RECORDED INFORMATION Start Marker

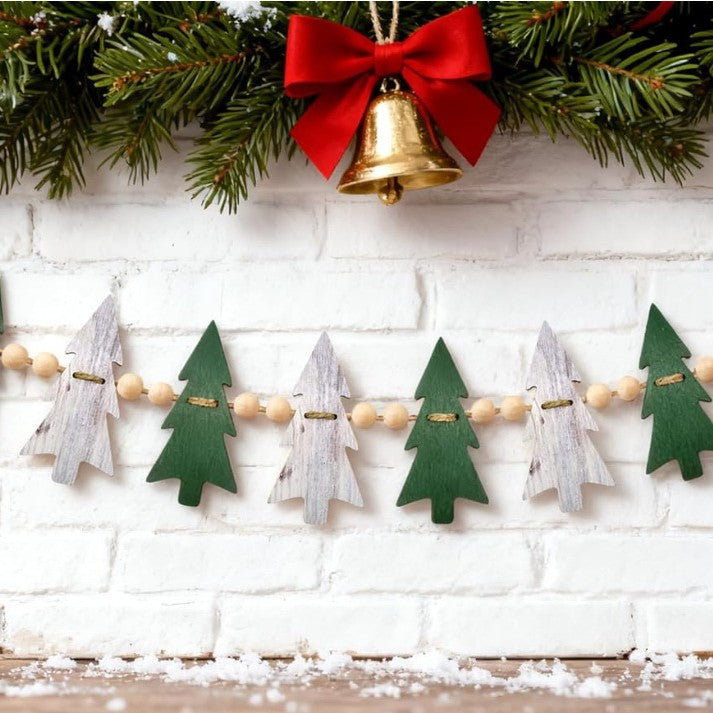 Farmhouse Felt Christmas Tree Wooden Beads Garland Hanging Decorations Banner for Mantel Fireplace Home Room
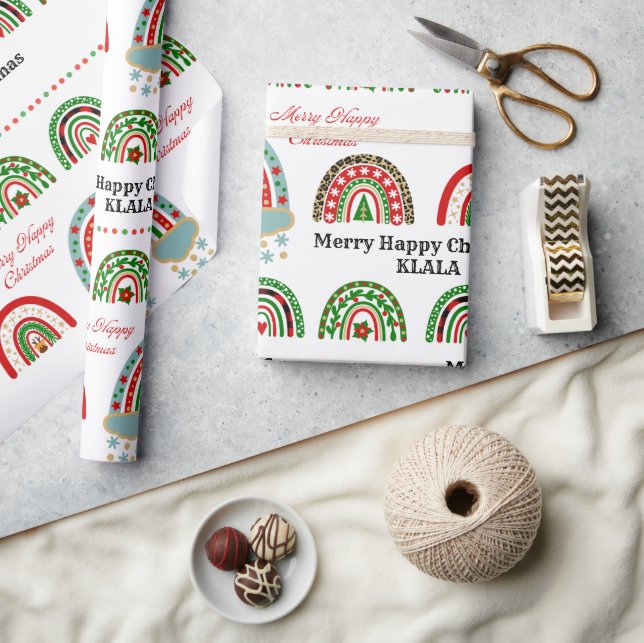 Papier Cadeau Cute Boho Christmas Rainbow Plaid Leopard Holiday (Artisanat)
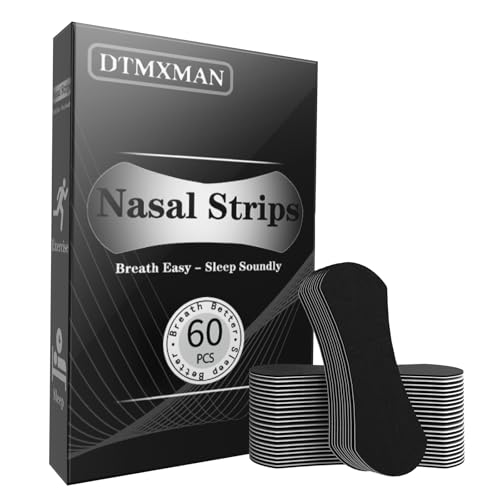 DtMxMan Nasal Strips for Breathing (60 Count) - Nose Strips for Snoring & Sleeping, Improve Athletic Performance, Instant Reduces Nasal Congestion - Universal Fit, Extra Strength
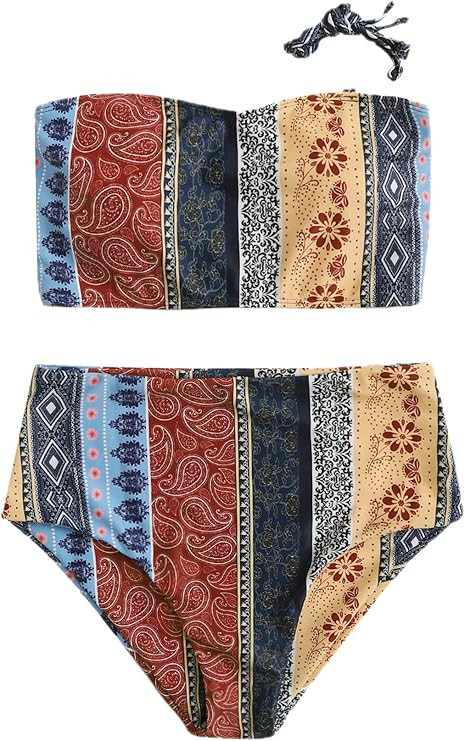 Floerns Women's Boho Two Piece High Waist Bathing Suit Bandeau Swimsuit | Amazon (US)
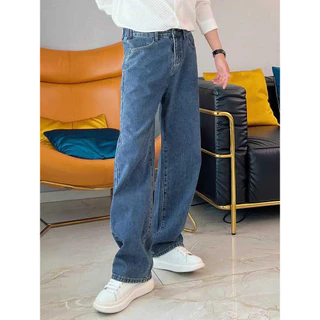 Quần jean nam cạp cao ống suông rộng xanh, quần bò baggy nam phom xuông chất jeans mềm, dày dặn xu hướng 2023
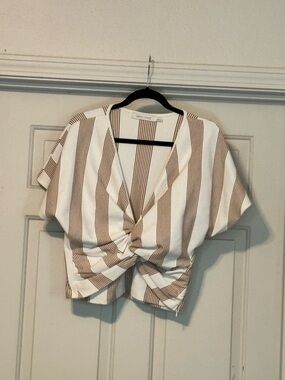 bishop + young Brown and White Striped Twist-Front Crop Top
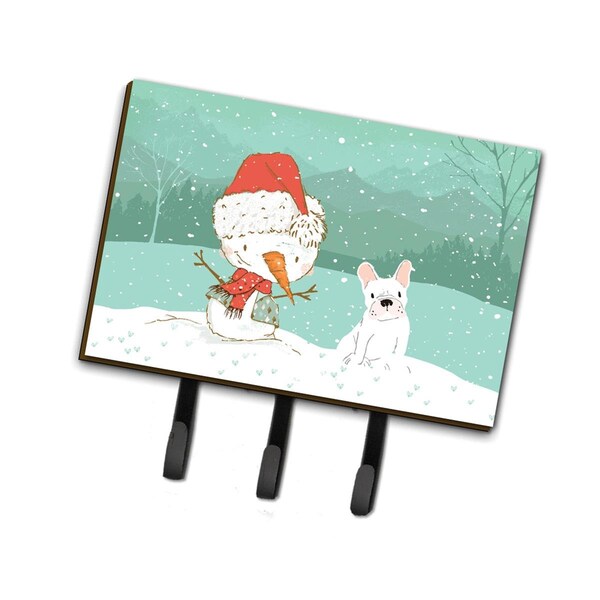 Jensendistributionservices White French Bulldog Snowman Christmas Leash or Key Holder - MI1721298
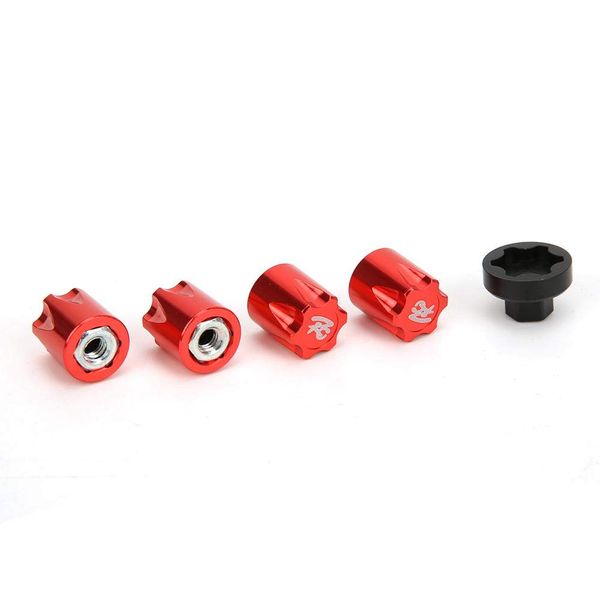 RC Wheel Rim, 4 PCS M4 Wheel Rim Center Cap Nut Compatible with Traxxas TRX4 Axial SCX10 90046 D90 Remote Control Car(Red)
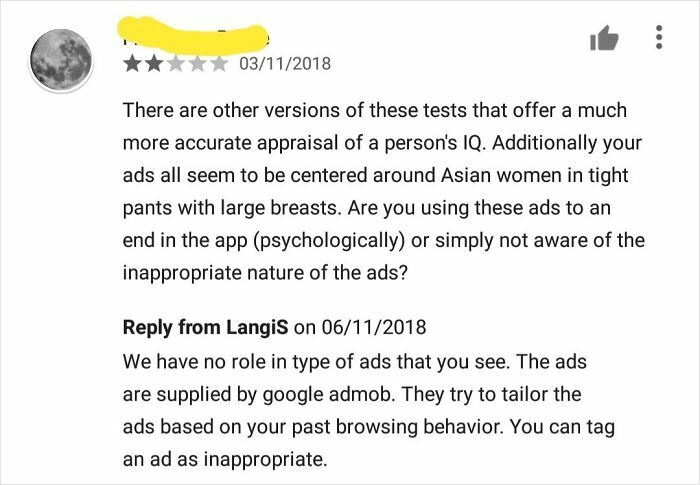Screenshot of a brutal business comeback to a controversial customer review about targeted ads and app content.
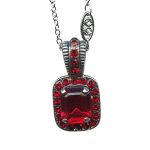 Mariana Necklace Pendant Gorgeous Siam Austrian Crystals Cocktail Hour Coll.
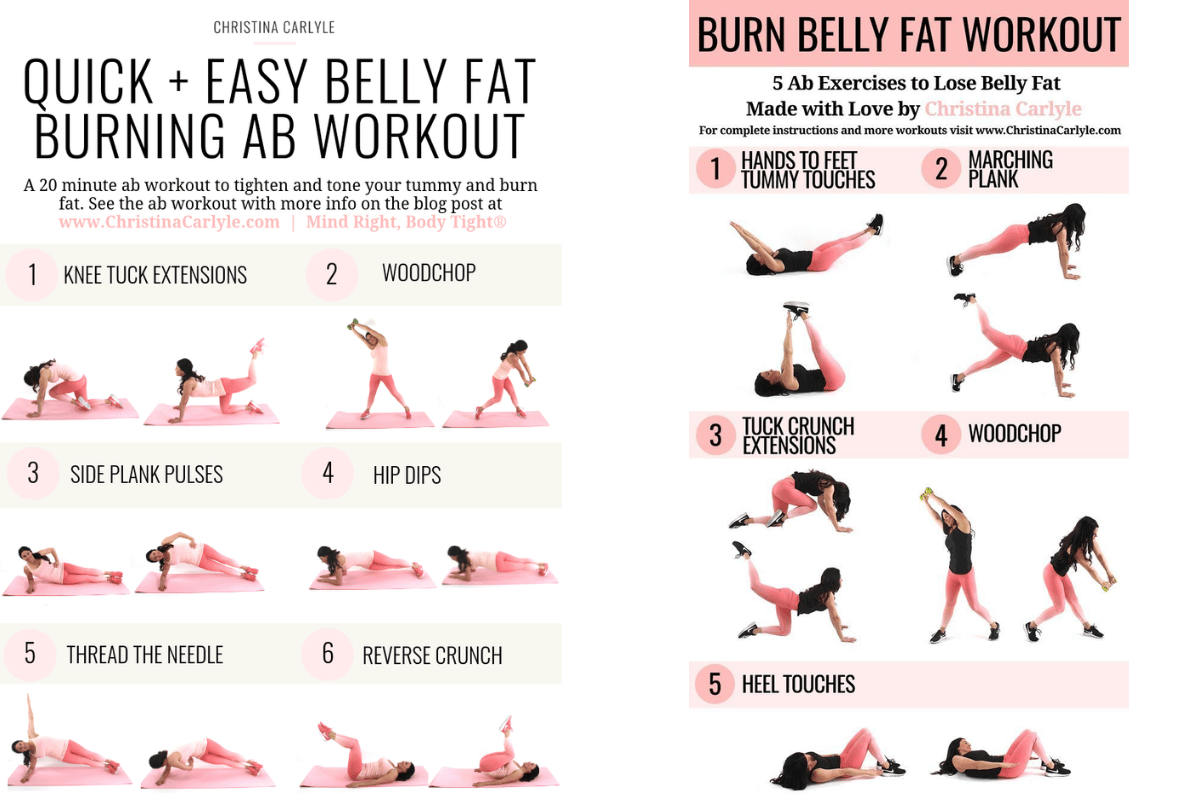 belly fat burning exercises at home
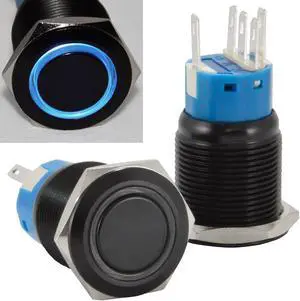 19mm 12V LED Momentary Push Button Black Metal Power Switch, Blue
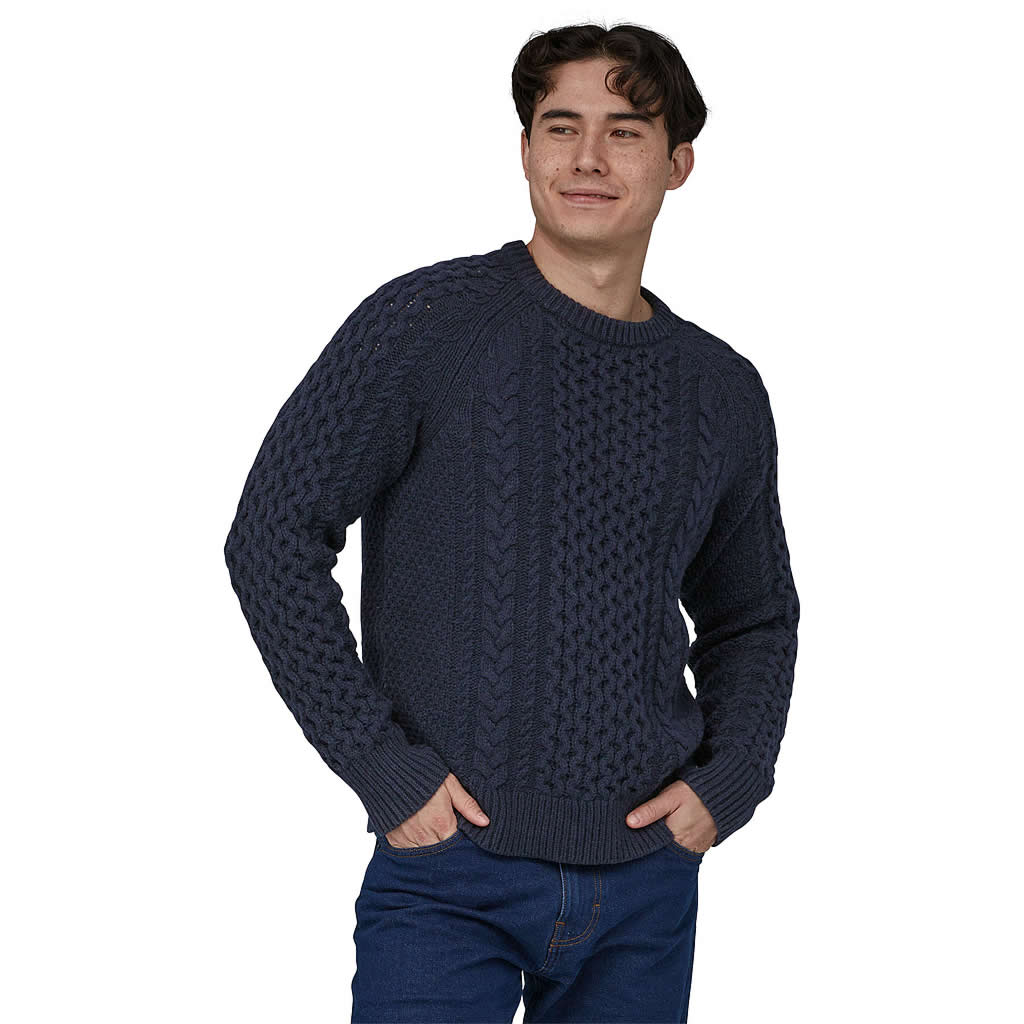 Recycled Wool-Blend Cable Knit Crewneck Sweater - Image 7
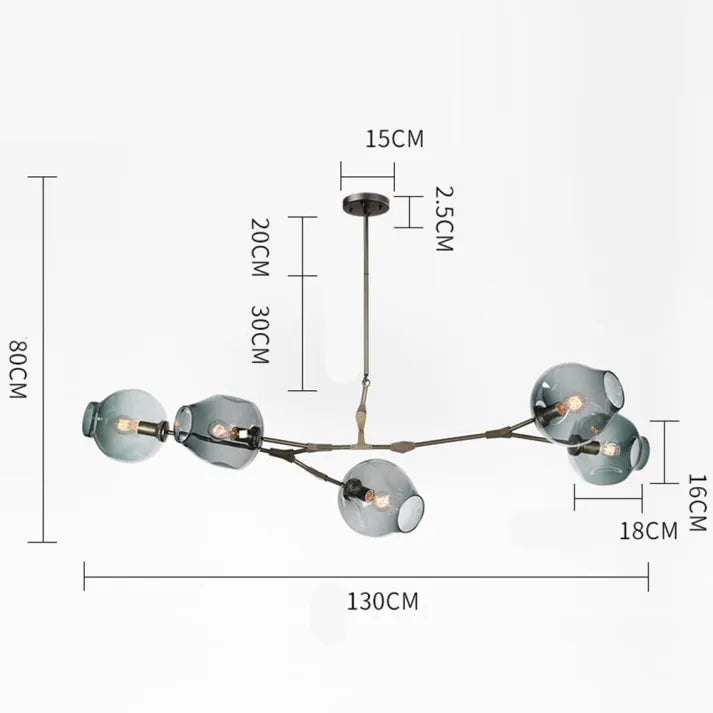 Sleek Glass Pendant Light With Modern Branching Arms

RECORDED INFORMATION End Marker

## TASK ITEM
Nothing but the lines from the one containing "Recycled Wool-Blend Cable" through the final line of the entries above should be given again, each exactly as written; omit the pictures.

## SOLUTION FOR THIS TASK
 Recycled Wool-Blend Cable Knit Crewneck Sweater - Image 7
 Sleek Glass Pendant Light With Modern Branching Arms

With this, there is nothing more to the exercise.